But – as ever – there’s quite a bit of “surveillance state-creation hazard” in the entire scheme once you scratch the surface, particularly since this one goes as far as to utilize biometrics, among other tech, to achieve the said goal.

The trials were organized at various points during 2022 in a number of cities in England, including Leeds, Manchester, Liverpool, and Nottingham, where Trent University teamed up with local bars to monitor students buying alcoholic beverages.

The public got a chance to learn more about the whole thing late last year when the Department for Digital, Culture, Media and Sport (DCMS) released the results of the Home Office sandbox trials that involved two methods – digital ID apps, and self-scan checkouts.

The findings cover results from digital ID app 1account, supermarket chain Asda – which used facial scan tech self-service checkouts, as did Co-op, and Innovative Technology (with its ICU age verification method), as well as Fujitsu, which developed an app, the same as MBJ Technology.

Morrisons, another supermarket chain, participated by trialing technology developed by Yoti, and Tesco and Spinningfields and Oxford Road stores turned to the same “digital identity company” and its “AI” algorithm in order to participate in the trials.

Finger vein biometrics were at play when FinGo deployed its tech at Manchester’s Hatch, which brings together retailers, breweries, restaurants, etc.

And the outcome of the trials? Inconclusive, according to reports delving into each participant’s findings. Things like lighting conditions, wi-fi signal or phone battery strength caused the results to “vary widely.”

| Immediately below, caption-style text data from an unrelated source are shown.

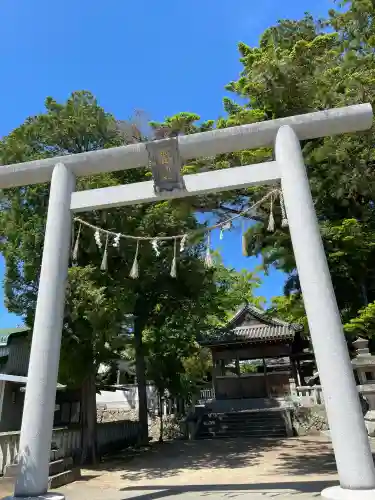 御坂神社の{uncategorized: "未分類", other: "その他", undefined: "問題あり", building: "その他建物", grave: "お墓", sacred_gate: "鳥居", guardian: "狛犬", statue: "像", buddha: "仏像", history: "歴史", nature: "自然", garden: "庭園", animal: "動物", pagoda: "塔", temizu: "手水舎", mountain_gate: "山門・神門", sanctuary: "本殿・本堂", subordinate: "末社・摂社", art: "芸術", scenery: "景色", jizo: "地蔵", ema: "絵馬", goshuin: "御朱印", omikuji: "おみくじ", items: "授与品その他", amulet: "お守り", goshuincho: "御朱印帳", eats: "食事", festival: "お祭り", votive_dance: "神楽", shichigosan: "七五三参", wedding: "結婚式", experience: "体験その他", initially: "初詣", around: "周辺", anti_infection: "感染症対策"}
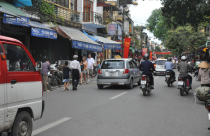 Nhà mặt phố Hà Nội rớt giá mạnh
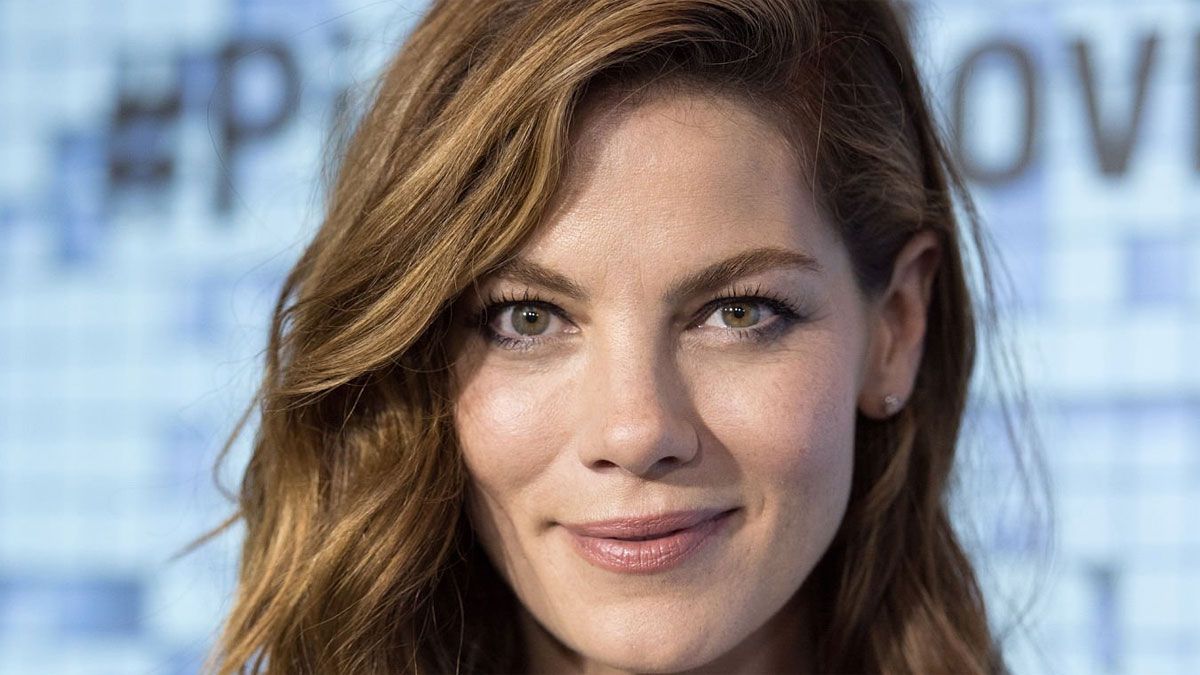 La actriz Michelle Monaghan interpreta a Lina y Gina en la serie Ecos, de Netflix.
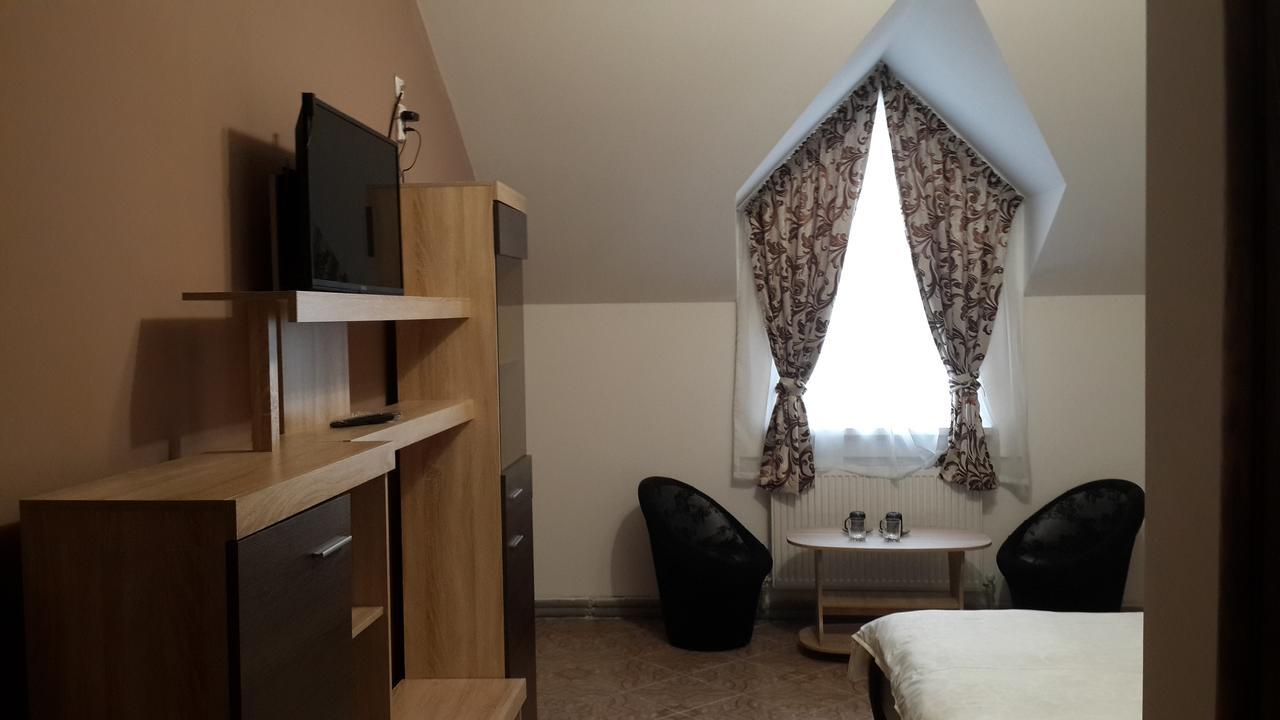 Hotel Dnipro Extérieur photo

Be that as it may, Yoti posted on its site that the supermarkets were supportive of the idea of using biometrics as a way to verify shoppers’ age – as well as for actual legislation that would lead to its adoption (probably the core goal of the entire exercise).

Yoti is optimistic all round. According to the blog post, the retail chains liked it, the customers liked it, and would be glad to have their faces scanned and biometric data given up again at supermarket checkouts.